Response: The Department determined that the current requirement to provide written certification from a licensed physician is sufficient to ensure the adequate protection of child performers.
Commenters suggested that since parents and guardians of most infants bring their own equipment, for sanitary and convenience purposes, the language in the regulations be changed to: “Where age appropriate, the employer shall provide a crib or playpen at the workplace, unless provided by the parent or guardian. . . . The child’s established feeding and sleeping routines shall be maintained, to the extent possible, including adequate opportunity and appropriate space for breastfeeding when it falls within the child’s routine.”
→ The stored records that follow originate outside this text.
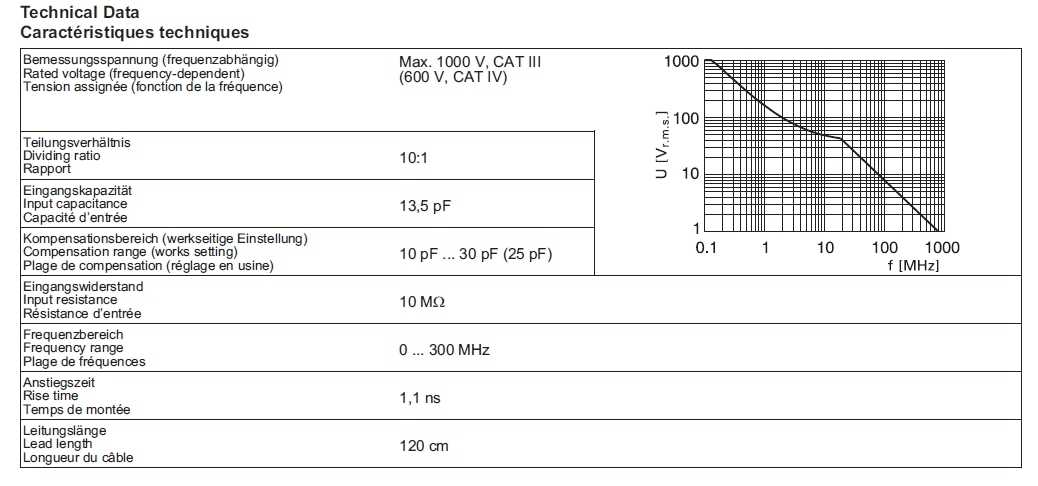 SET Isoprobe III - 10;1 HS multi contact tabel tehnic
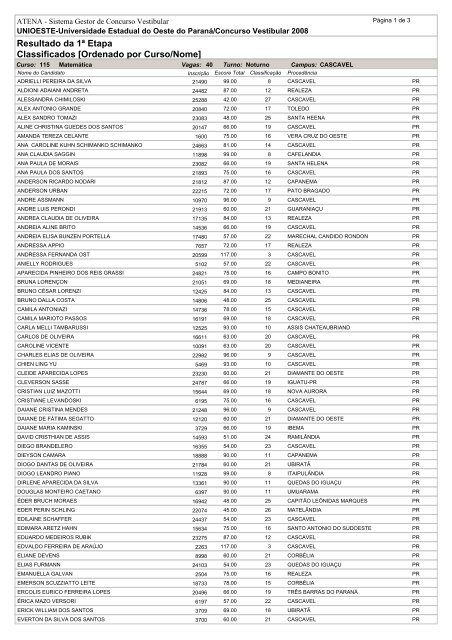 Resultado da 1ª Etapa Classificados [Ordenado por ... - Unioeste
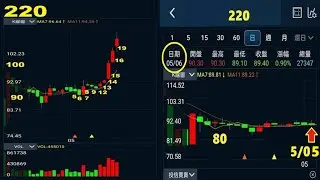 2025/05/19 端午包粽2 + GWA操作教學
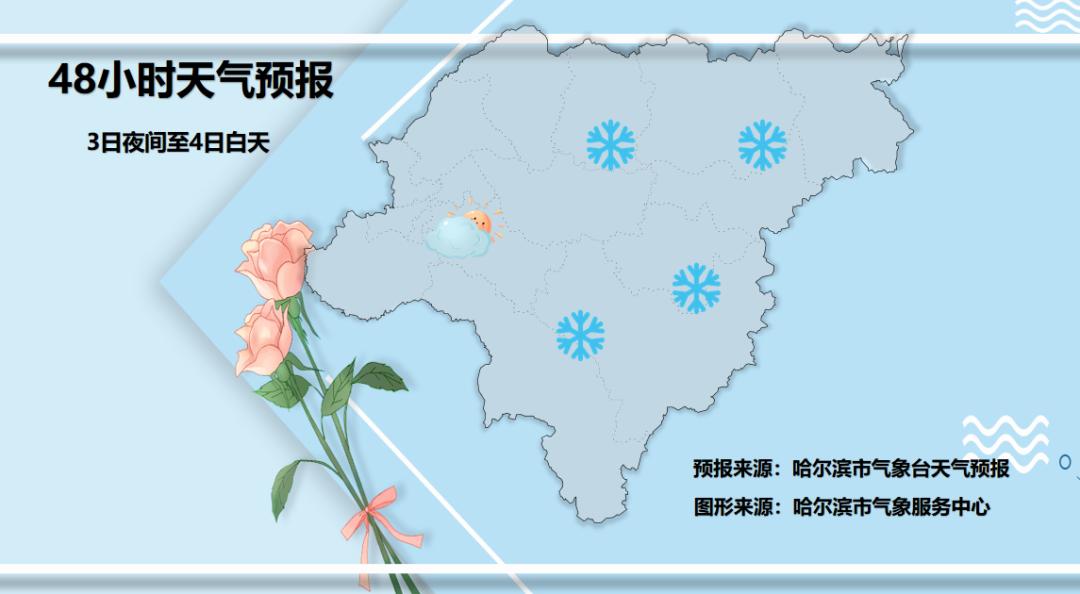 黑龙江天气预报：3-5日多地阵雪，气温持续低迷，防寒保暖刻不容缓  第5张
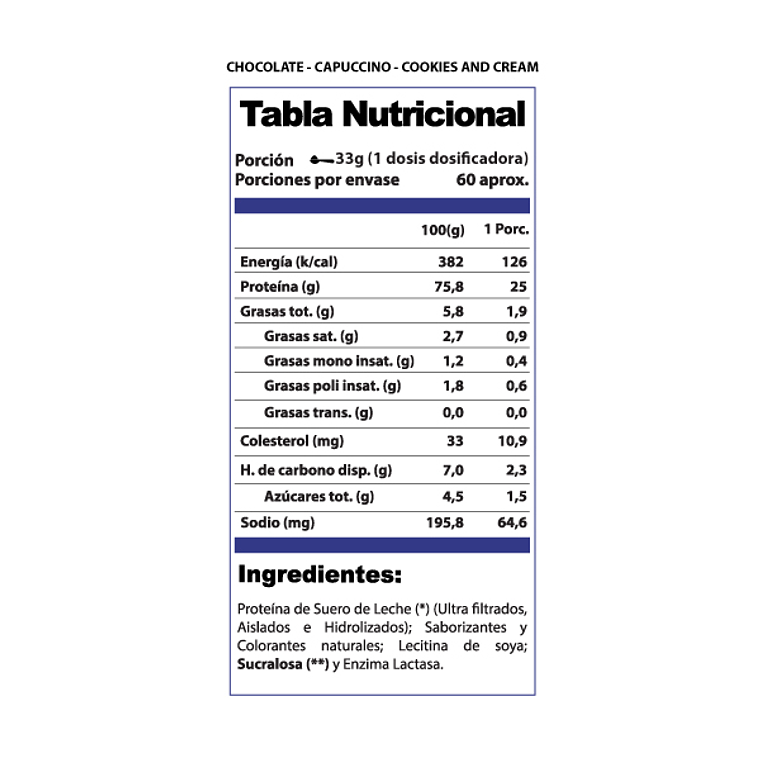 Proteína Whey ProWin 2 kg (60 servicios) – Winkler Nutrition 3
Response: The Department had made the requested change at section 186-6.4(d).
Work Hours
Commenters suggested that because SAG/AFTRA agreements exclude the meal period from the calculation of time at the workplace, the regulations should be changed so the amount of time at the workplace is exclusive of the meal period and Section 186-6.3(b) is deleted.
Response: The Department determined that the regulations adequately address the scenarios presented by SAG/AFTRA. The changes are unnecessary.
One commenter suggested the allowance for child performers to work two additional hours for a one-day assignment be limited to one day per week.
Response: The Department determined that this change is not necessary since other sections in this subpart limit the beginning and end times of any work day, regardless of the length of the work day.
One commenter suggested adding a sentence to Section 186-6.3(c) to reflect situations where a child provides services at his/her home.
Response: The Department made this change to the regulations.